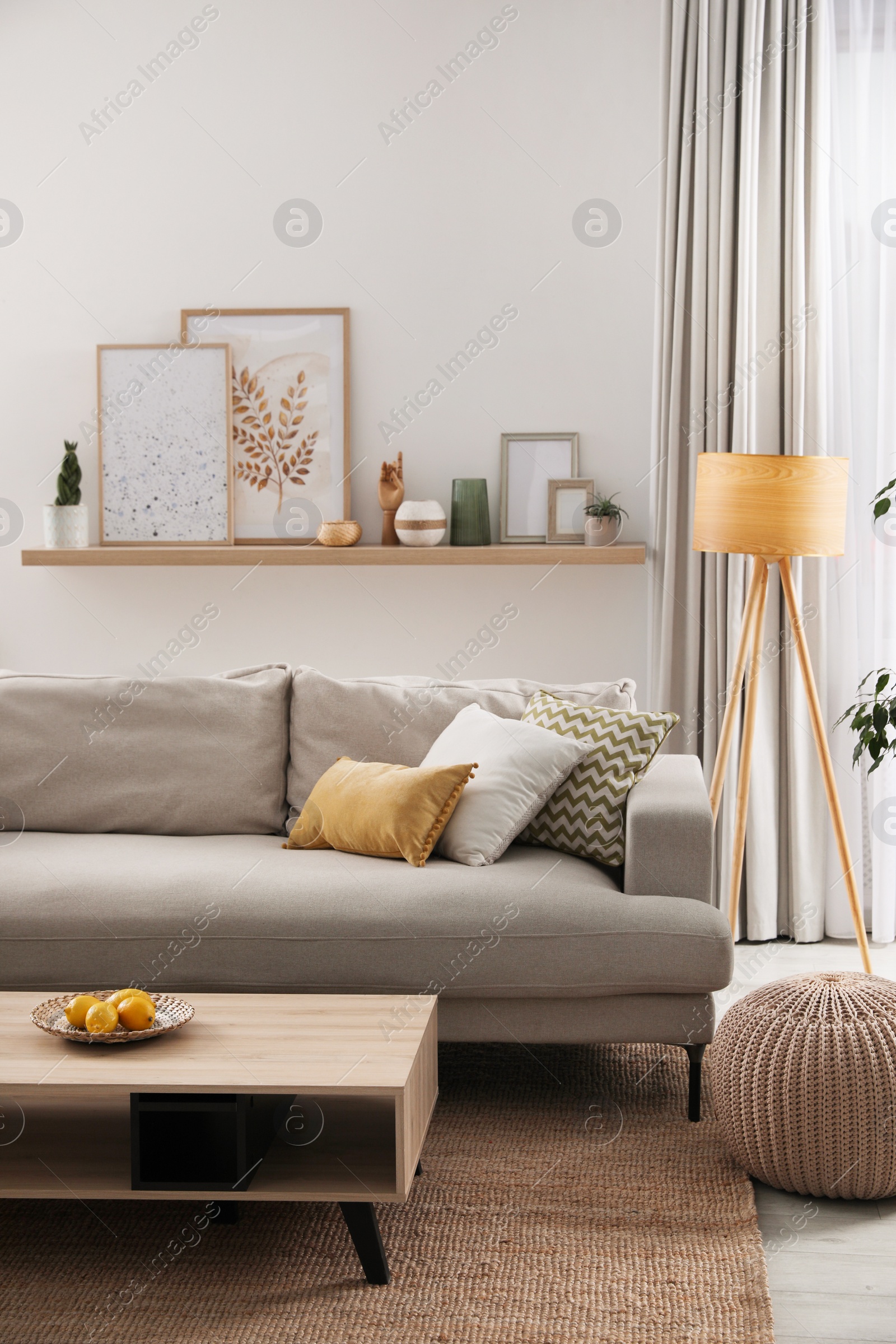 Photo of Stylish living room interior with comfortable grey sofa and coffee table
-=-=-=-=-
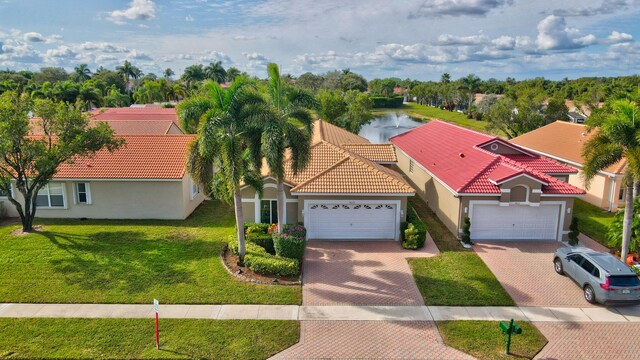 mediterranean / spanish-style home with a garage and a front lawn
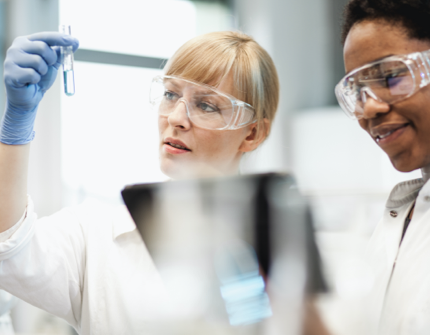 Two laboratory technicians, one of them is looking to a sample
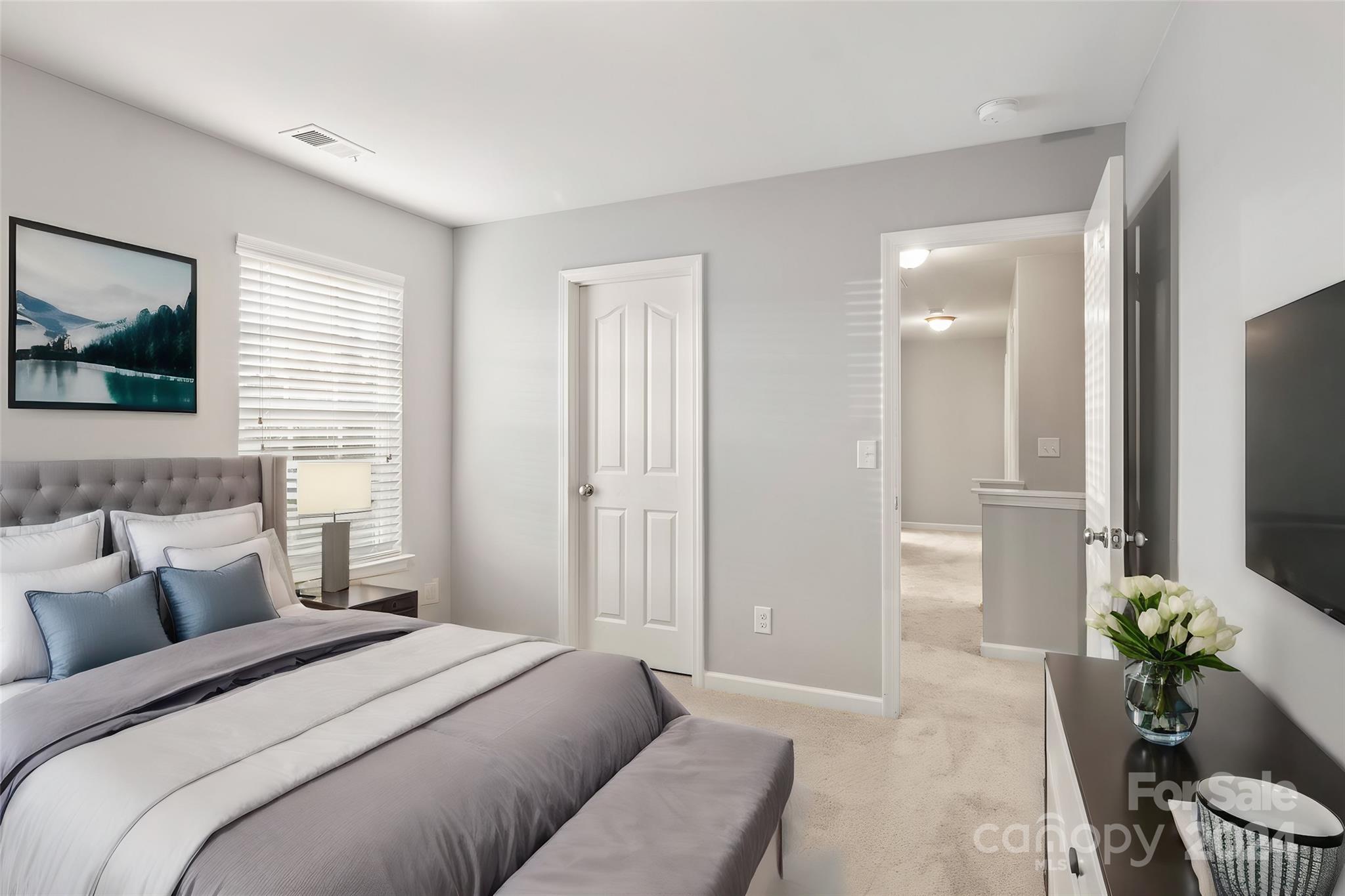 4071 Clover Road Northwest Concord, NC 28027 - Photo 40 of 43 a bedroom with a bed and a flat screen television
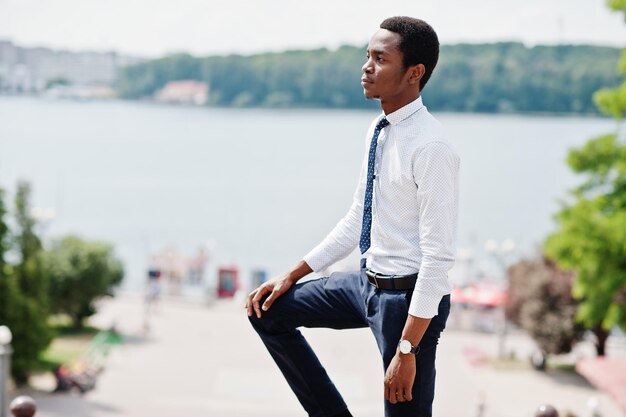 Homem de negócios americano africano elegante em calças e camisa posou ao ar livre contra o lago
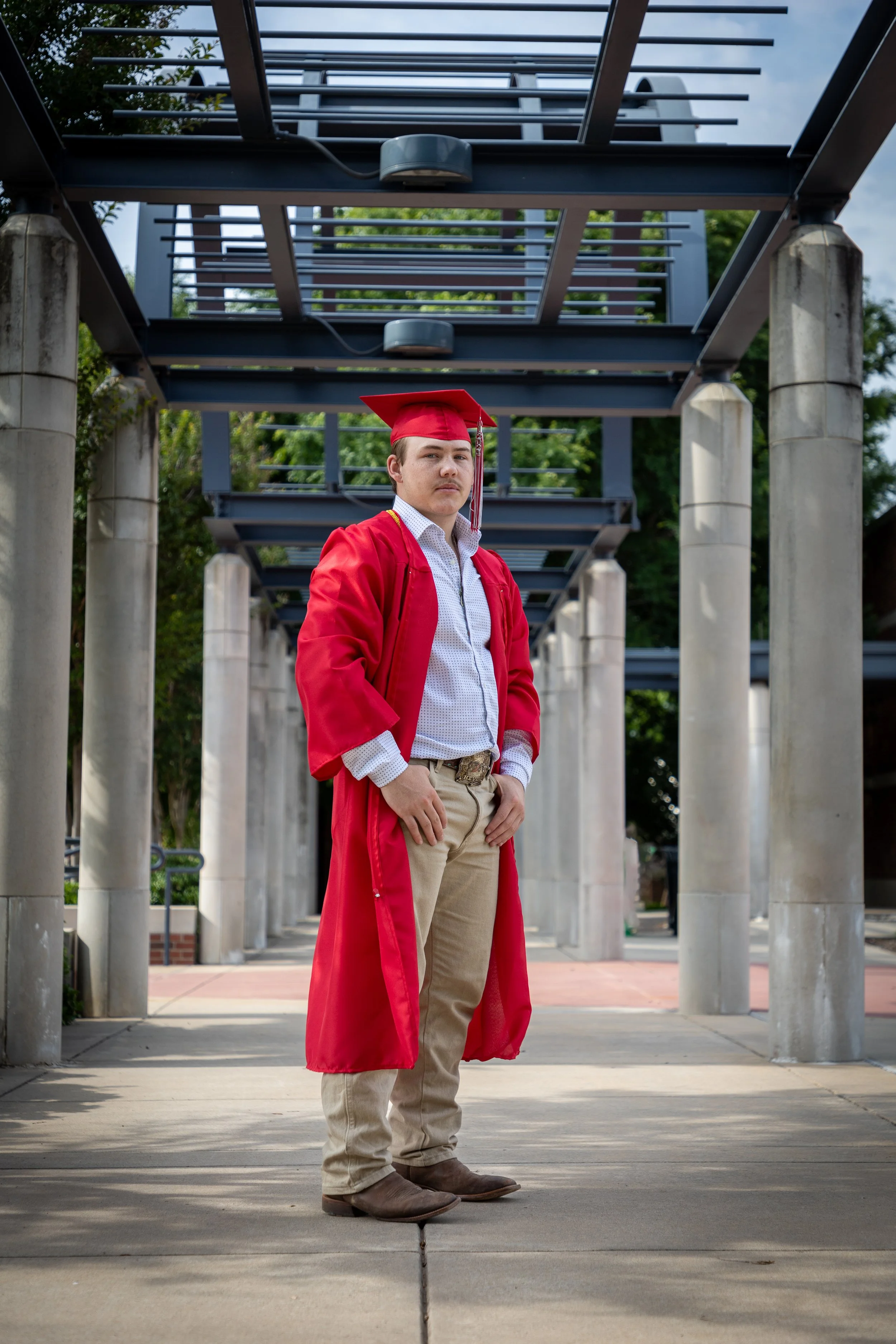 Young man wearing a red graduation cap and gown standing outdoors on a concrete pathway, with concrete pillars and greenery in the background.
-=-=-=-=-
Task description:
Nothing but the lines from the one with "Homem de negócios" to the one with "Young man wearing" above, both included, should be transcribed, exactly and without pictures.

Task result:
 Homem de negócios americano africano elegante em calças e camisa posou ao ar livre contra o lago
 Young man wearing a red graduation cap and gown standing outdoors on a concrete pathway, with concrete pillars and greenery in the background.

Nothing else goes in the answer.